──────── Data shown ────────

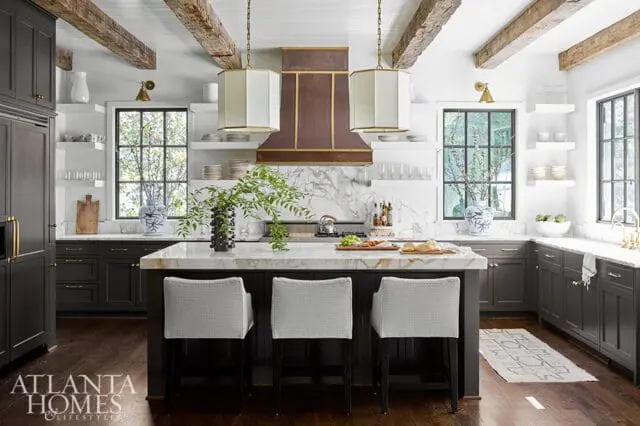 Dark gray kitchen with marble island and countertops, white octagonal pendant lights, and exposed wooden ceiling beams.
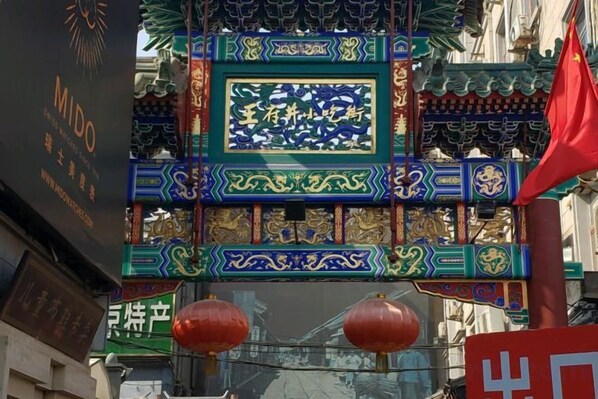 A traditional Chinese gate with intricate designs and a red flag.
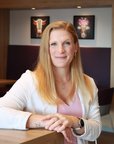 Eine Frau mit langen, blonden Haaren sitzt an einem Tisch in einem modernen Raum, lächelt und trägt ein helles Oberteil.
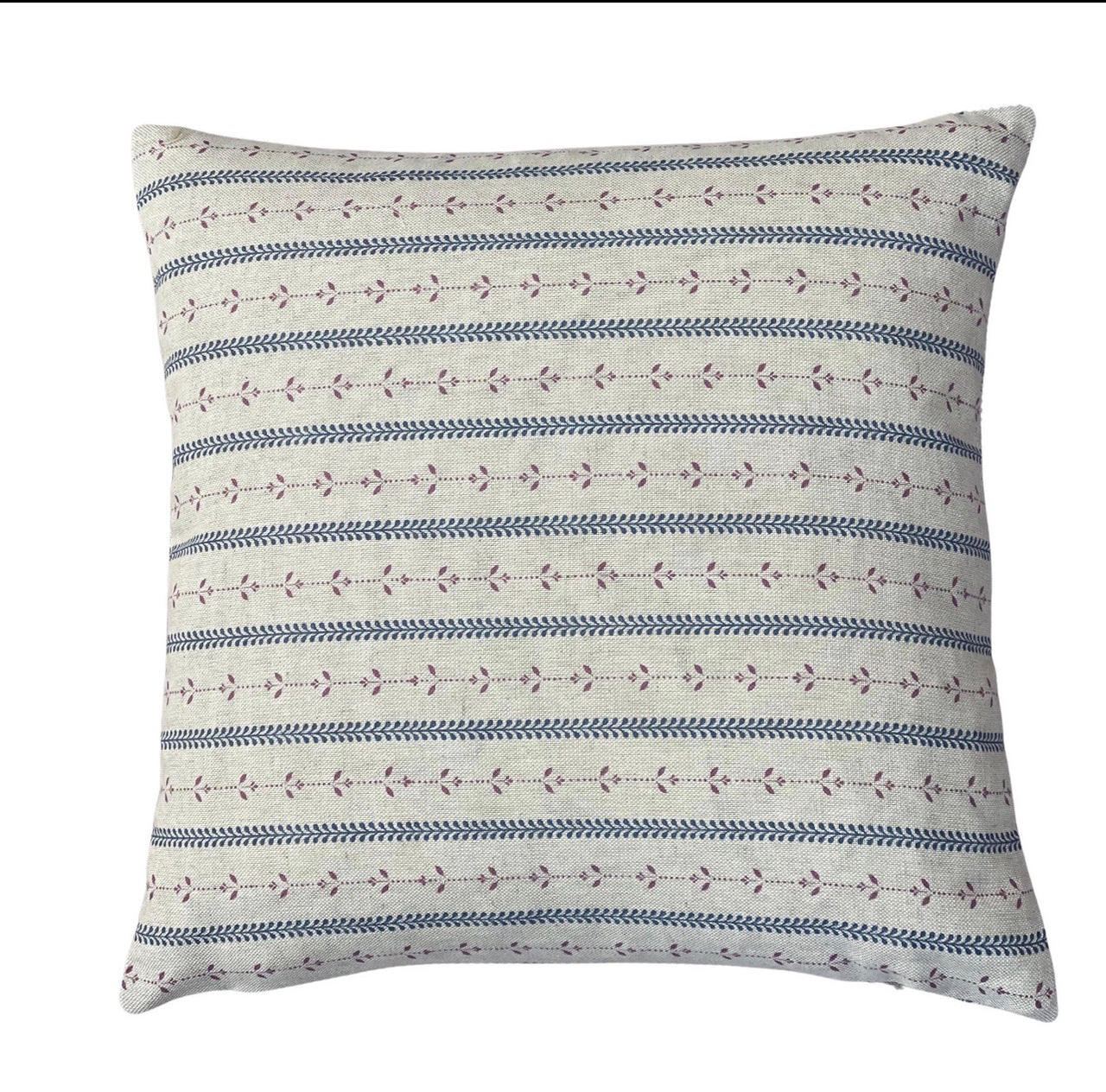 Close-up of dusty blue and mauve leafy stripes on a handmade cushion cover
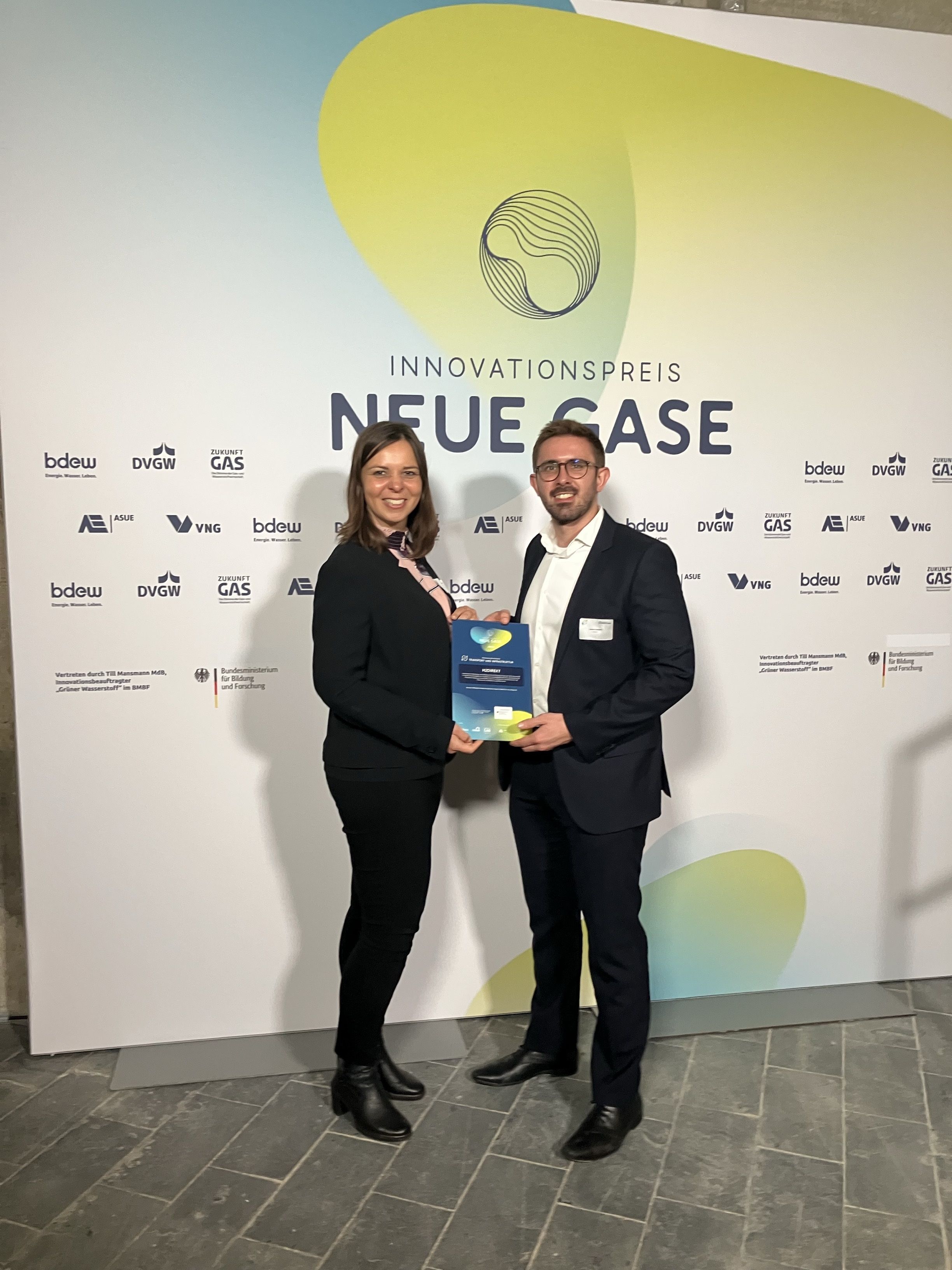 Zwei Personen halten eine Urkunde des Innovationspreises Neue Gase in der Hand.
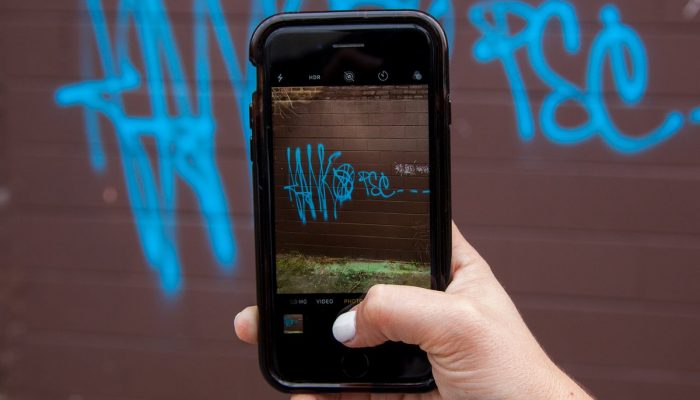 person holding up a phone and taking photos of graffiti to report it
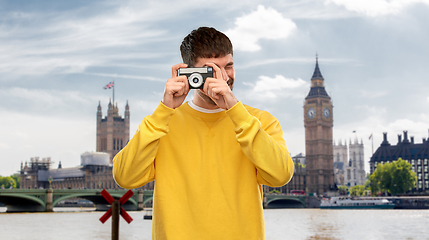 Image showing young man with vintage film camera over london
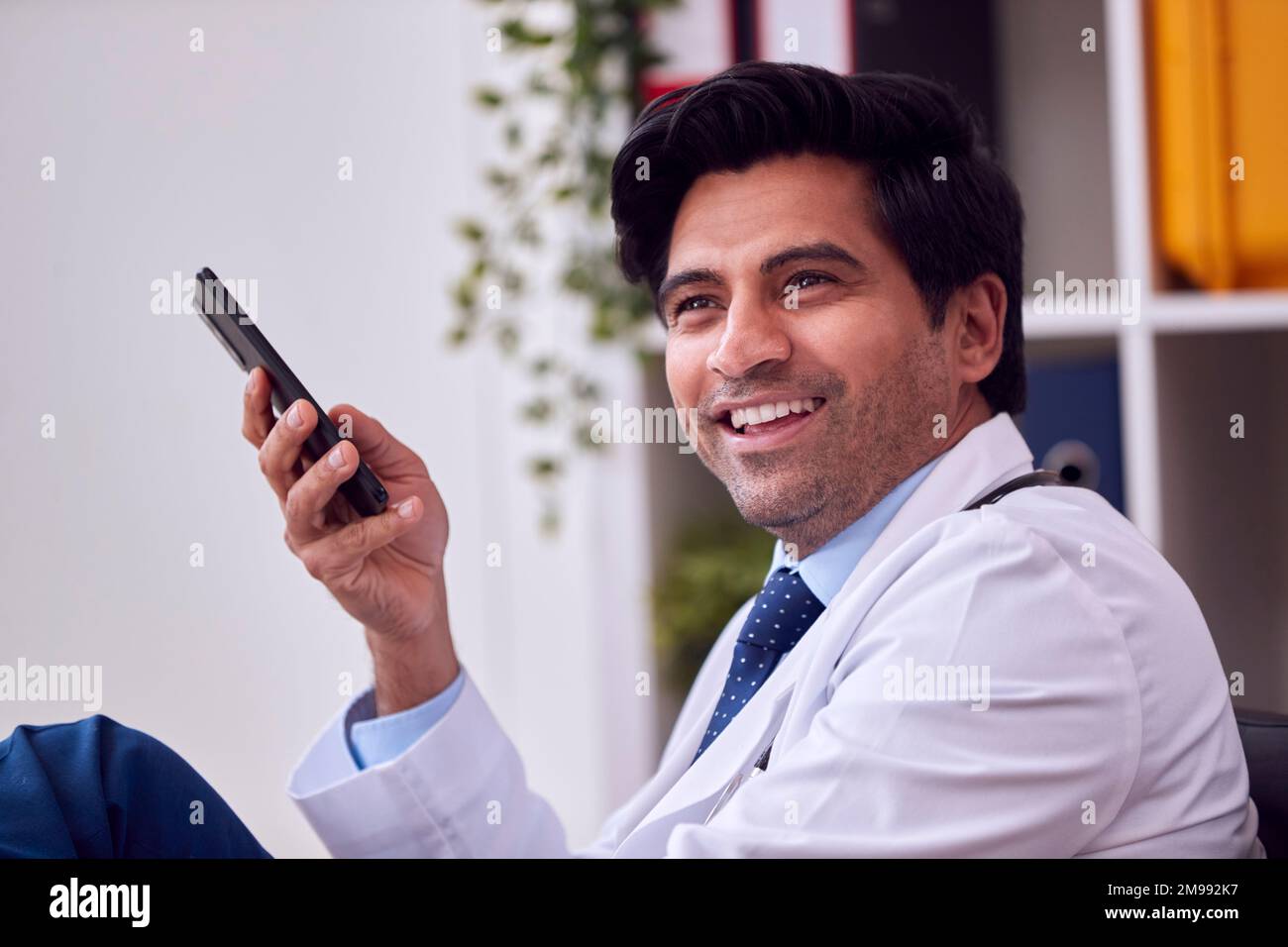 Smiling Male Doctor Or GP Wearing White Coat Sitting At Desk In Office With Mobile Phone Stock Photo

────────

**Your objective**
Take only the line containing "person holding up" and every line after it to the end of the entries, and copy them exactly, pictures excluded.

**Solution**
 person holding up a phone and taking photos of graffiti to report it
 Image showing young man with vintage film camera over london
 Smiling Male Doctor Or GP Wearing White Coat Sitting At Desk In Office With Mobile Phone Stock Photo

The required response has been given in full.